После операций, прошедших успешно, боевой офицер вдруг начал сдавать. Потерял сознание, стал бредить. Сиделка не отходила от постели. Пичкали уколами, меняли повязки. Но лекарства не помогали. Раненому на глазах становилось все хуже и хуже. Пульс еле прощупывался. Лицо осунулось, глаза ввалились, он весь страшно исхудал.
— Что мы его мучаем голодом? — сурово сказал хирург, видя нетронутую еду. — Трубку в нос — и кормите бульоном. Офицер фюрера, который хорошо воевал, имеет право на персональную опеку!
Но в нос резиновая трубка не лезла. У Миклашевского еще до войны нос был сломан в боксерском поединке. Через правую ноздрю он не мог дышать.
— Что вы возитесь? — рассердился хирург. — Не входит в правую, так вводите трубку в левую! И лейте дозу коньяка!
Десять дней его кормили через трубку, вставленную в ноздрю. Постепенно молодой и крепкий организм стал одолевать недуги. Раны затягивались, рубцевались, срастались. Шло время, и Миклашевский начал поправляться.

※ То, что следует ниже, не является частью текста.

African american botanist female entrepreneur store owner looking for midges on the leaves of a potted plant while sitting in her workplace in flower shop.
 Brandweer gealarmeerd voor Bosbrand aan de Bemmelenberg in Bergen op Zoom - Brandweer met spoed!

Его перевели из одиночной палаты в эту светлую и солнечную, где кроме него находились еще трое раненых немецких офицеров. Через два месяца Миклашевский стал подниматься с кровати, потом начал ходить.
За эти месяцы он как-то незаметно сблизился с санитаркой, пожилой женщиной, которую все звали просто Мари. Игорь узнал, что она русская. Узнал совершенно случайно. Как-то в конце мая Мари, моя окна, чуть слышно напевала старинную русскую песню. Игорь сначала насторожился: не провоцируют ли его? Но потом, со временем, присмотрелся к санитарке и понял, что никакой провокации не было. Ему удалось узнать, что Мари действительно русская; Мария Дмитриевна Вишнякова эмигрировала из России в восемнадцатом году вместе с мужем, известным профессором, больным туберкулезом. Муж умер давно, началась война, и друзья-французы помогли ей устроиться в госпиталь. Она привязалась к Фрицу Роденбаху, который напоминал ее мужа в молодости. Она свободно говорила по-французски и довольно сносно по-немецки.
— Он у меня тоже в студенческие годы гири поднимал и говорил, что это полезно для накачивания силы в руках.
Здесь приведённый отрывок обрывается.